Provided material =
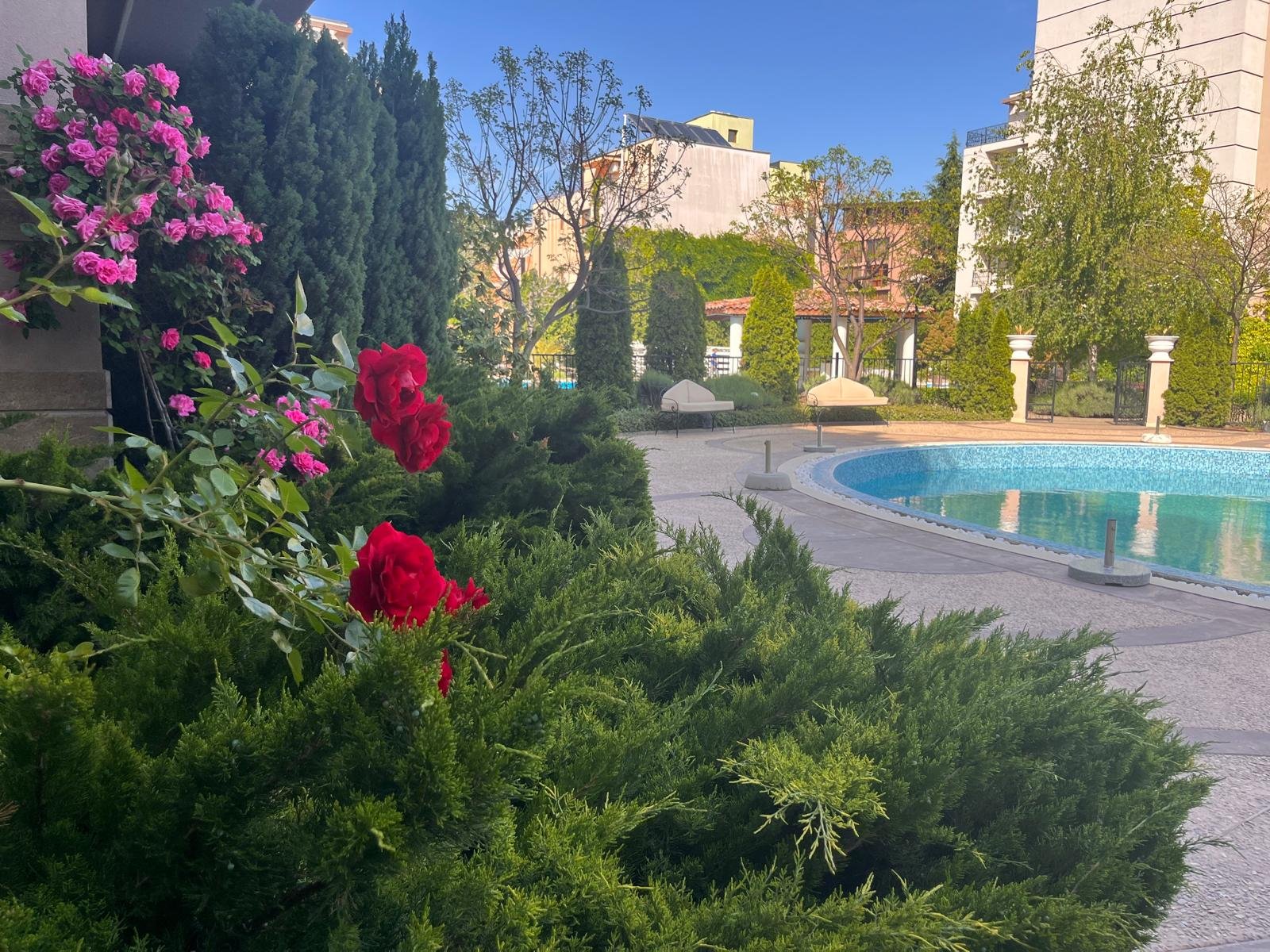 Apartament 4-pokojowy w kompleksie z całorocznym SPA i krytym basenemSPA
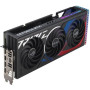 Karta graficzna ASUS ROG Strix GeForce RTX 4070 SUPER 12GB GDDR6X ROG-STRIX-RTX4070S-12G-GAMING - 3x DP, 2x HDMI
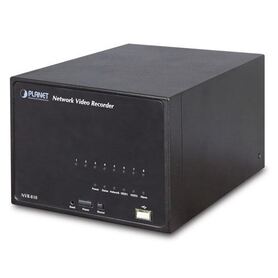 Planet 8 CH Network Video Recorder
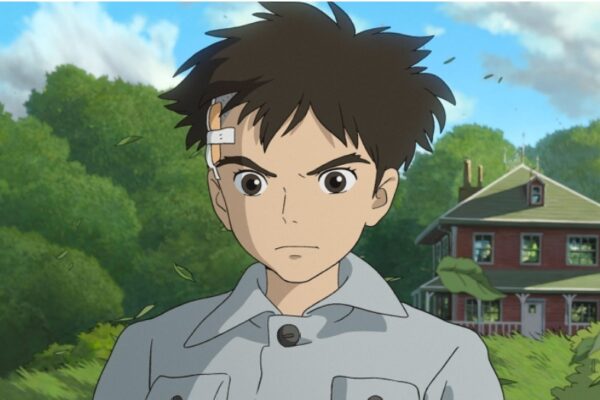 The Kid and the Heron': A show-stopper in general, mediocre for Miyazaki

Task description =
Your answer should be every line above, written out exactly, with no pictures.

Expected answer =
 Apartament 4-pokojowy w kompleksie z całorocznym SPA i krytym basenemSPA
 Karta graficzna ASUS ROG Strix GeForce RTX 4070 SUPER 12GB GDDR6X ROG-STRIX-RTX4070S-12G-GAMING - 3x DP, 2x HDMI
 Planet 8 CH Network Video Recorder
 The Kid and the Heron': A show-stopper in general, mediocre for Miyazaki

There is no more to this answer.